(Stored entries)
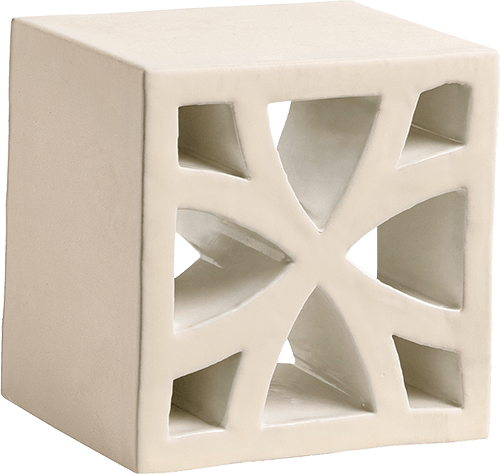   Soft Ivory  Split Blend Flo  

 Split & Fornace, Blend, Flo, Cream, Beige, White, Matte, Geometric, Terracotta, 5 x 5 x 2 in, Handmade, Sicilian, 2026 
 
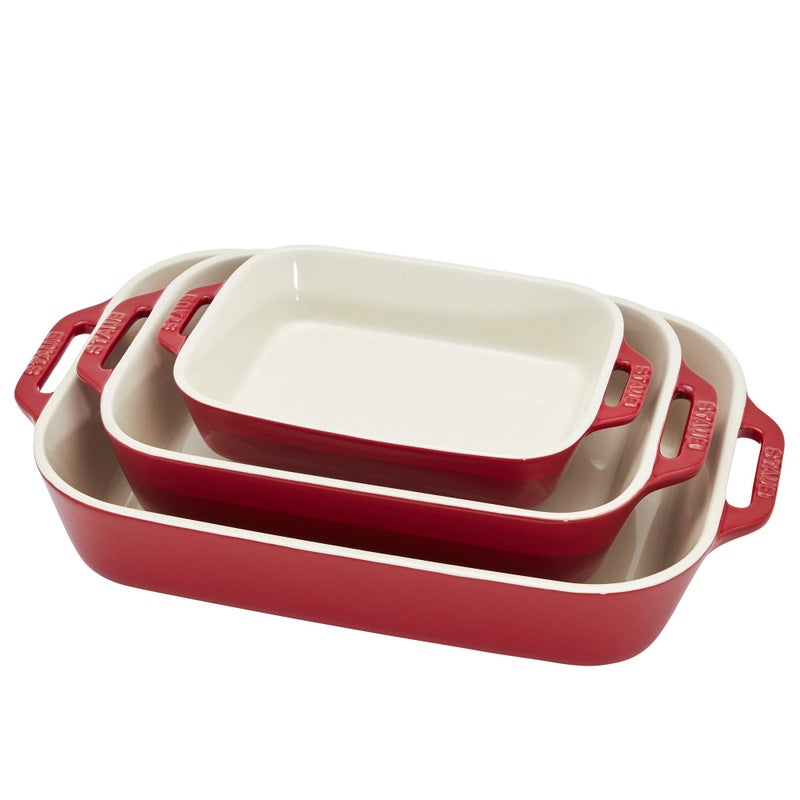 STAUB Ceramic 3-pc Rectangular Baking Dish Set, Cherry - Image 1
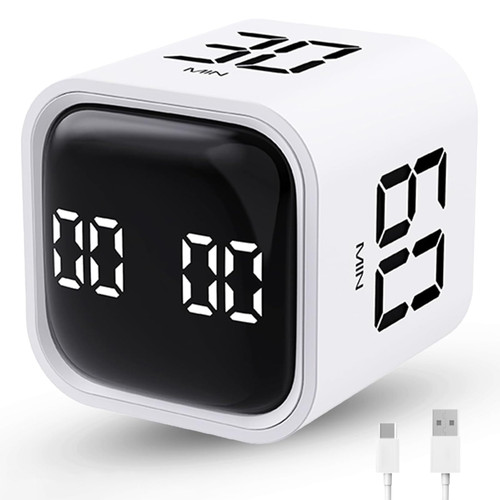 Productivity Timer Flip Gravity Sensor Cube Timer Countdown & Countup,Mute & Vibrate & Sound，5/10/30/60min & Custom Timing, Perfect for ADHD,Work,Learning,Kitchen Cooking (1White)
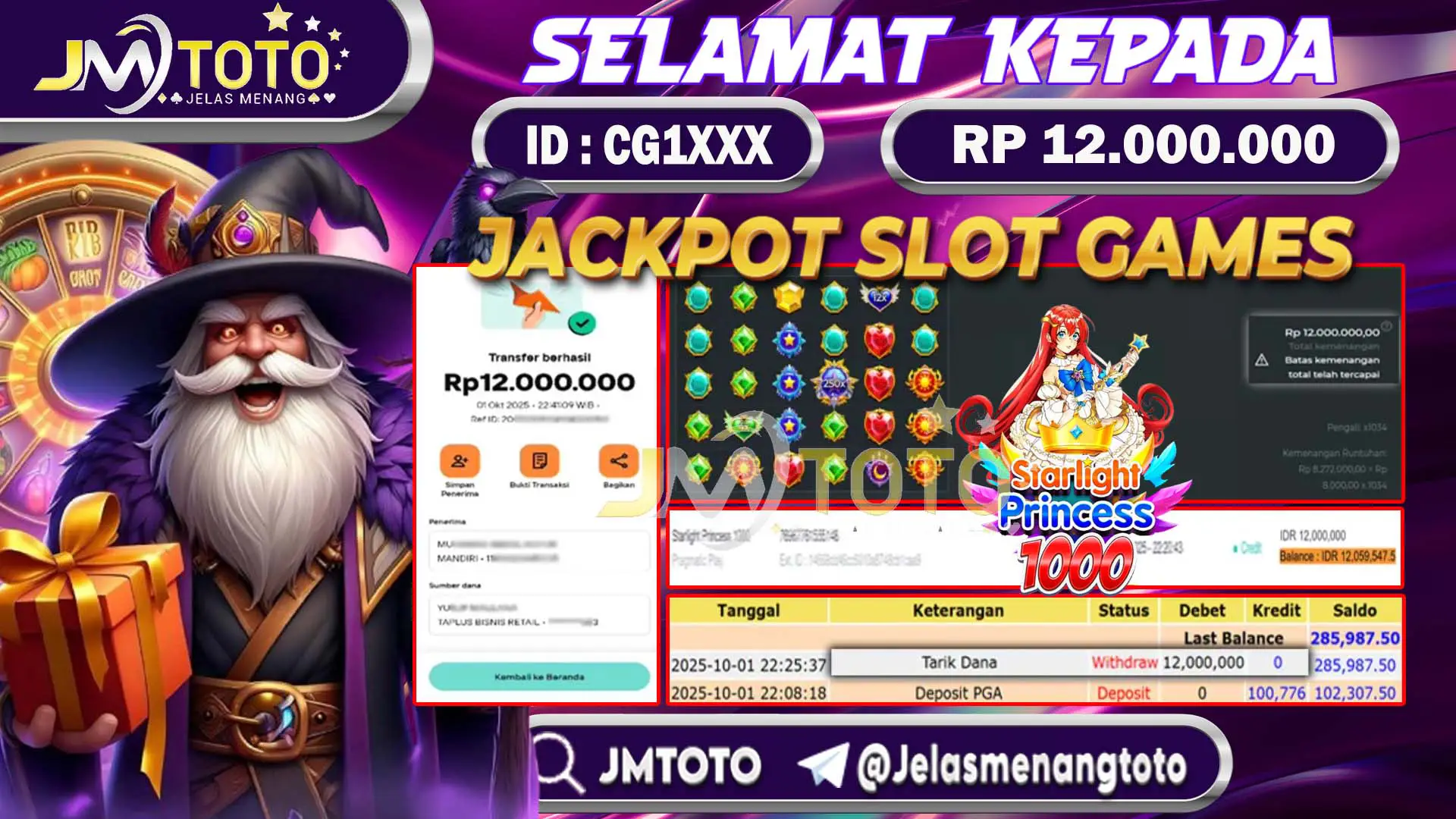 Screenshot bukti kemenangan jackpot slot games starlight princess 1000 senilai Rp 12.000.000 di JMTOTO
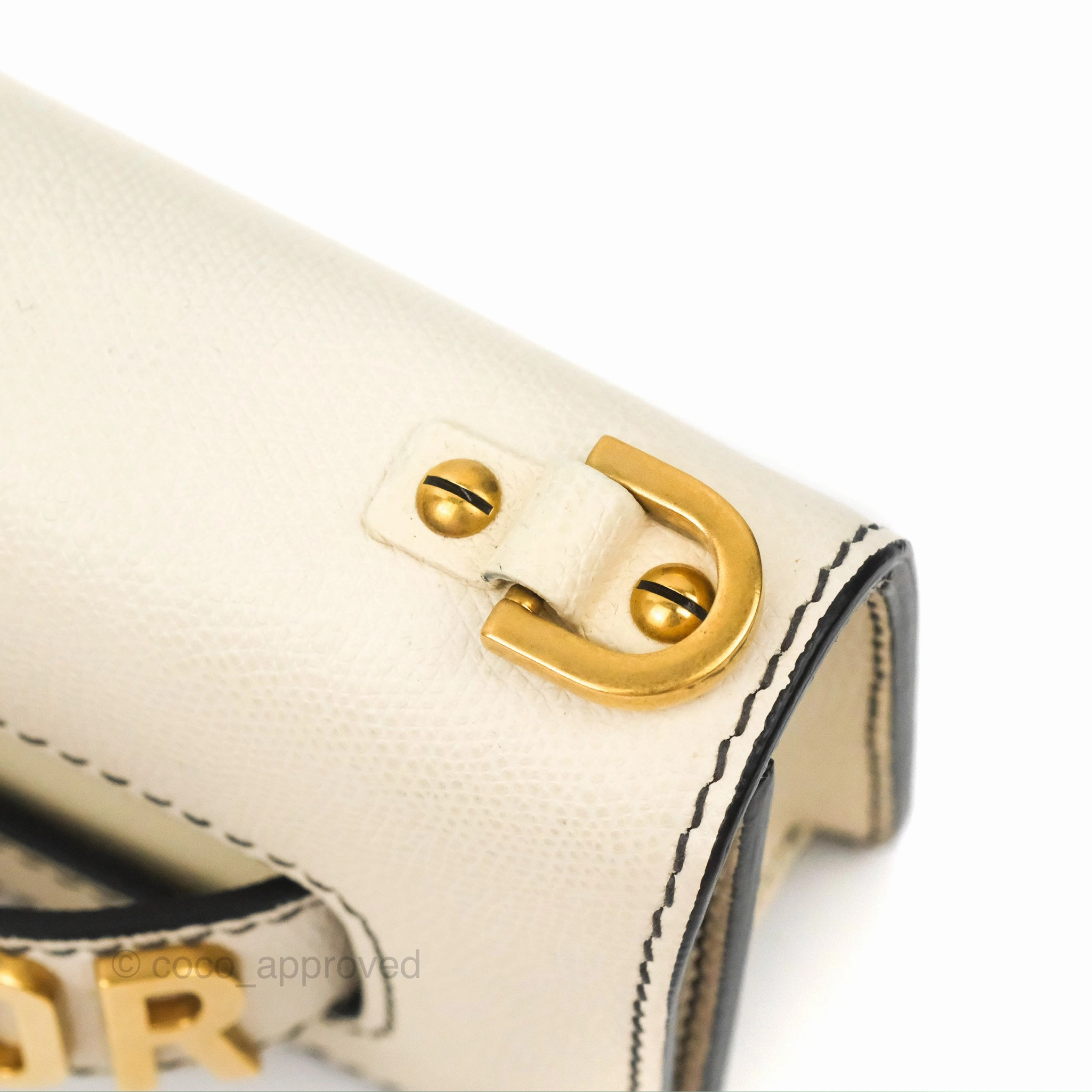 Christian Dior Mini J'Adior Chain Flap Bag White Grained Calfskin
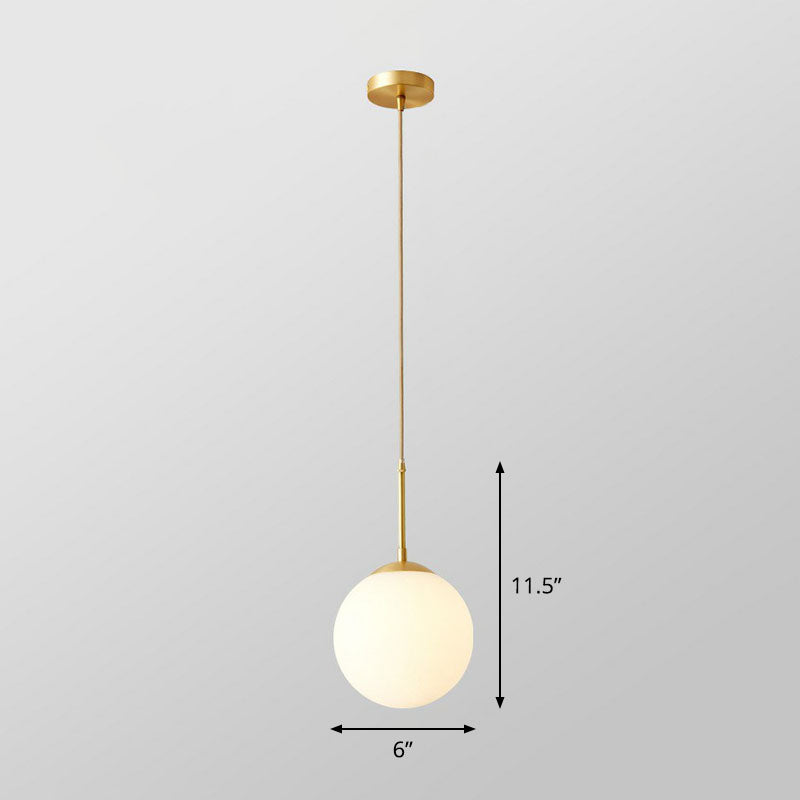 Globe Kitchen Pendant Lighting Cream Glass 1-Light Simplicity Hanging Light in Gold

-- DIRECTIONS --
For each record above, write out its text exactly and skip any picture.

-- ANSWER BELOW --
   Soft Ivory  Split Blend Flo  

 Split & Fornace, Blend, Flo, Cream, Beige, White, Matte, Geometric, Terracotta, 5 x 5 x 2 in, Handmade, Sicilian, 2026 
 
 STAUB Ceramic 3-pc Rectangular Baking Dish Set, Cherry - Image 1
 Productivity Timer Flip Gravity Sensor Cube Timer Countdown & Countup,Mute & Vibrate & Sound，5/10/30/60min & Custom Timing, Perfect for ADHD,Work,Learning,Kitchen Cooking (1White)
 Screenshot bukti kemenangan jackpot slot games starlight princess 1000 senilai Rp 12.000.000 di JMTOTO
 Christian Dior Mini J'Adior Chain Flap Bag White Grained Calfskin
 Globe Kitchen Pendant Lighting Cream Glass 1-Light Simplicity Hanging Light in Gold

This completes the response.